Exercise directions:
Repetition must be exact and must stop with the line bearing "طقم 2 ترامس". It begins at the first line of the records and includes no pictures.
((
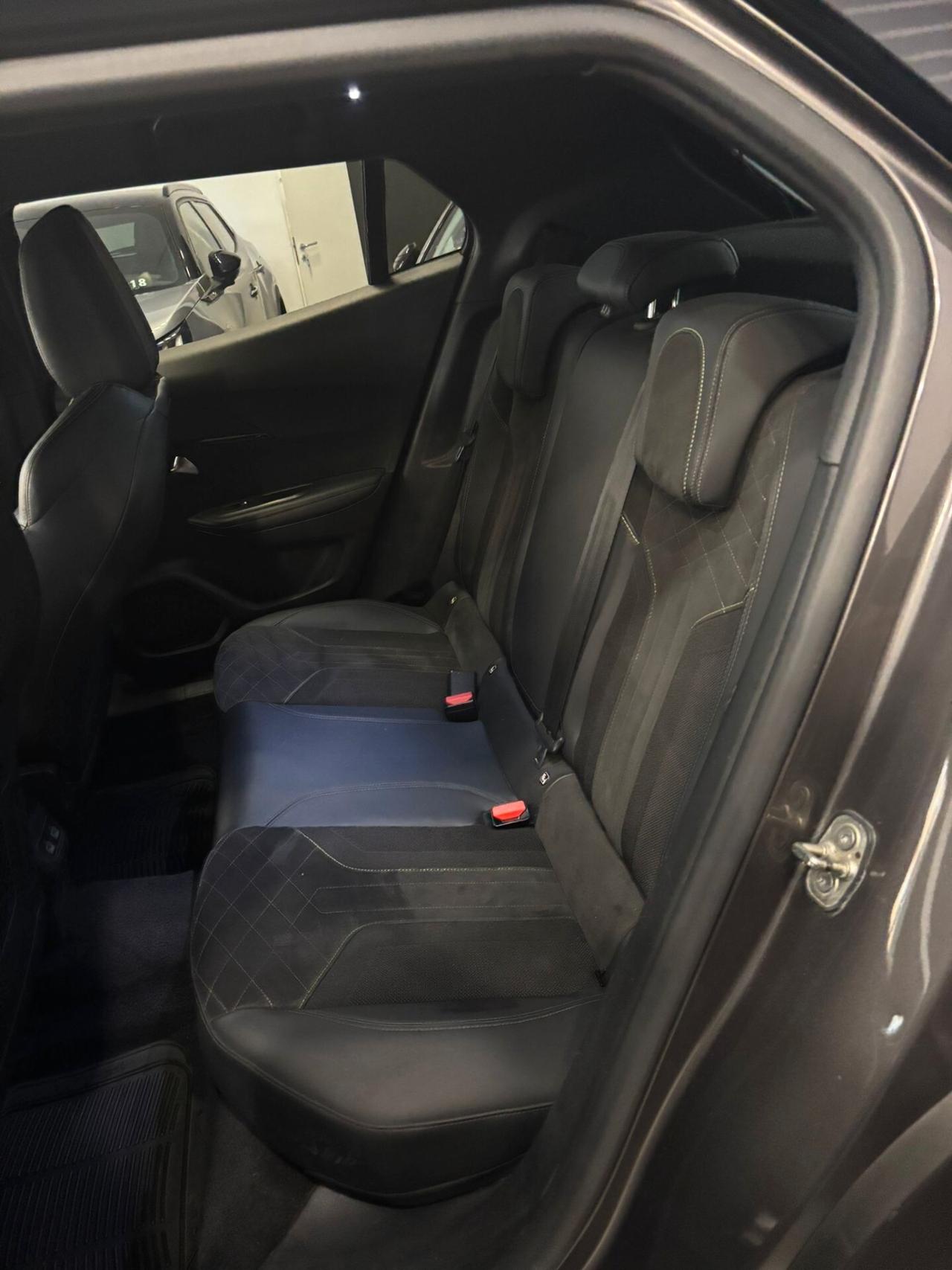 Peugeot 2008 1.5 BlueHDi 130 S&S EAT8 GT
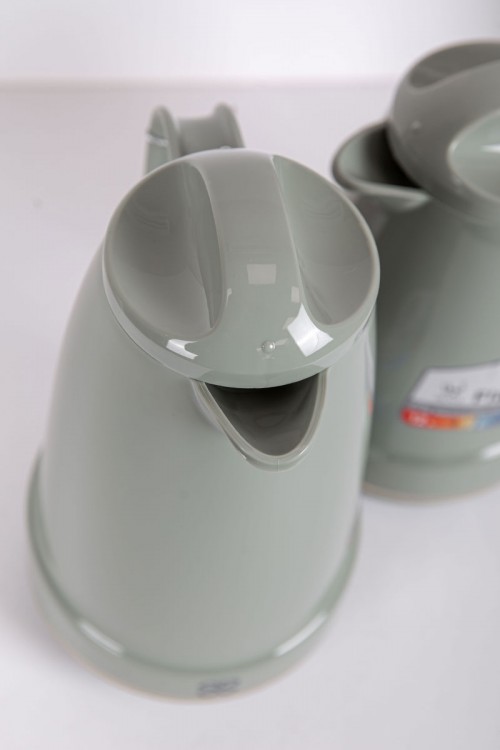 طقم 2 ترامس للقهوة و الشاي لون تفاحي حافظ للحرارة و البرودة بسعة 1.6 لتر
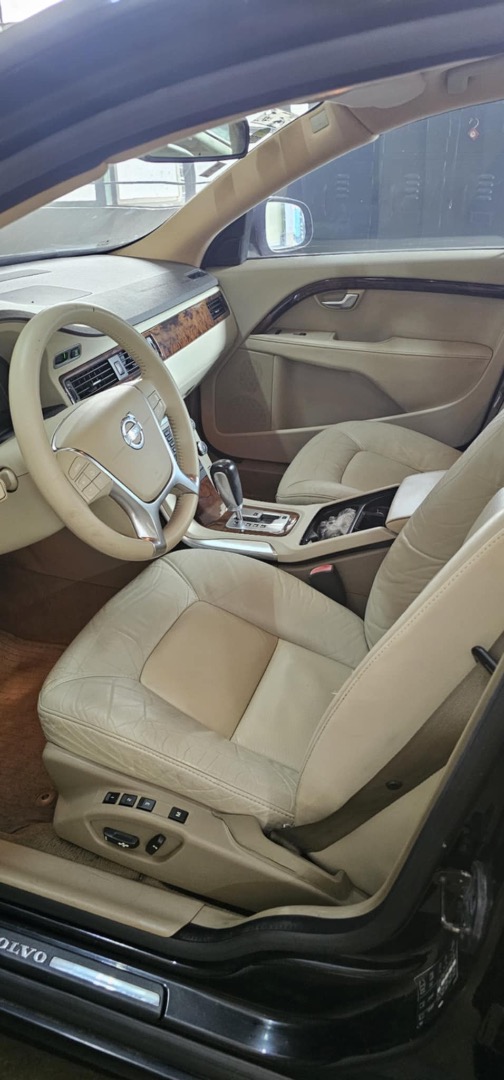 Volvo S80 2.5T (A) (Category: Used Cars) located in Caloocan City. Submitted by zoletalvic94409 (Listing ID 1468545547, Image 3). Description: Engine: 2.5L 5-Cylinder Turbo (235 HP) (T5 Engine) Mileage: 80k+ KMS Ownership: 1st Owner (Direct Seller) - Coding Car Condition: No history of Major Accident, Flood -Free. Transmission: Aisin TF-80SC (AWTF-80 SC) Vin: YV1AS6050A1130217 Exterior: Paint Wash over Interior: Ceiling Upholstery Replaced New Ba
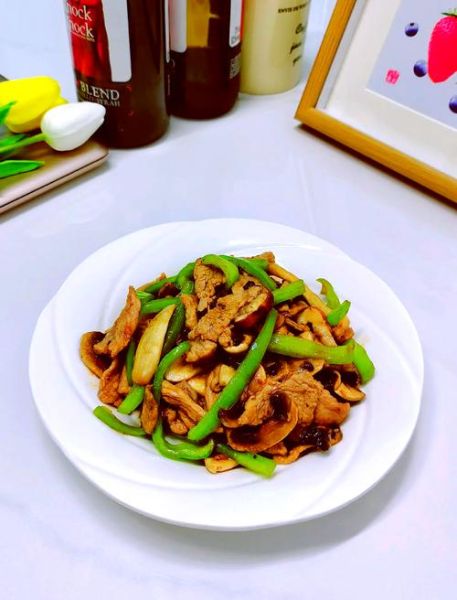 松茸炒肉片怎么做_松茸炒肉片用不用焯水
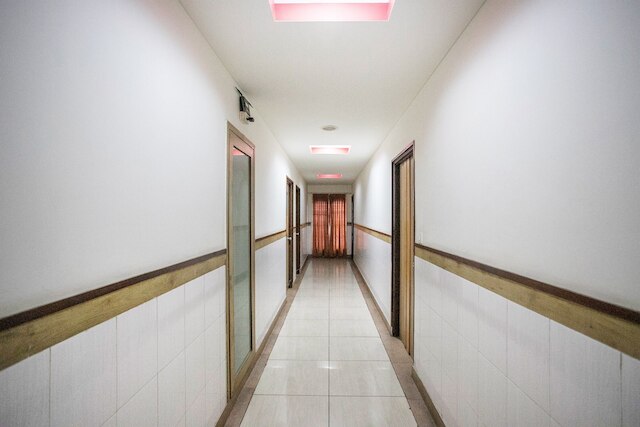 OYO 8501 アブヒマニ コンフォーツ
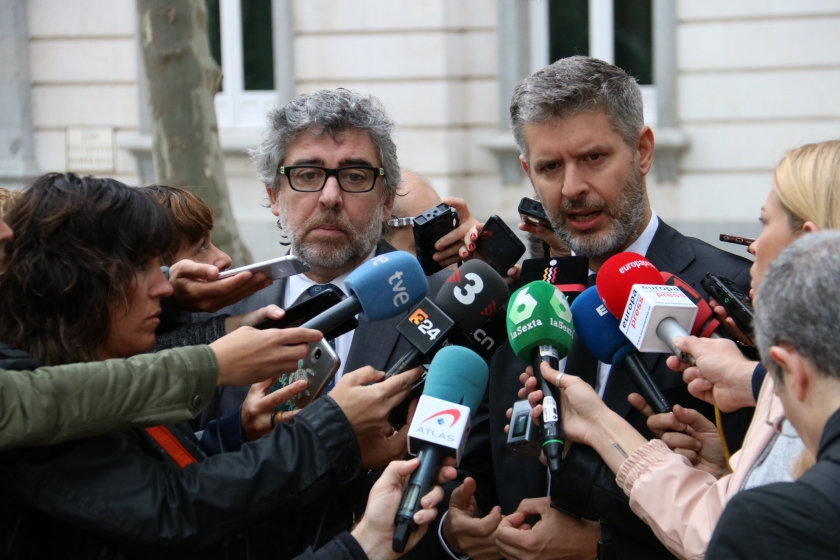  Els advocats Andreu Van den Eynde i Jordi Pina demanen la llibertat dels presos polítics electes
))
Exercise solution:
 Peugeot 2008 1.5 BlueHDi 130 S&S EAT8 GT
 طقم 2 ترامس للقهوة و الشاي لون تفاحي حافظ للحرارة و البرودة بسعة 1.6 لتر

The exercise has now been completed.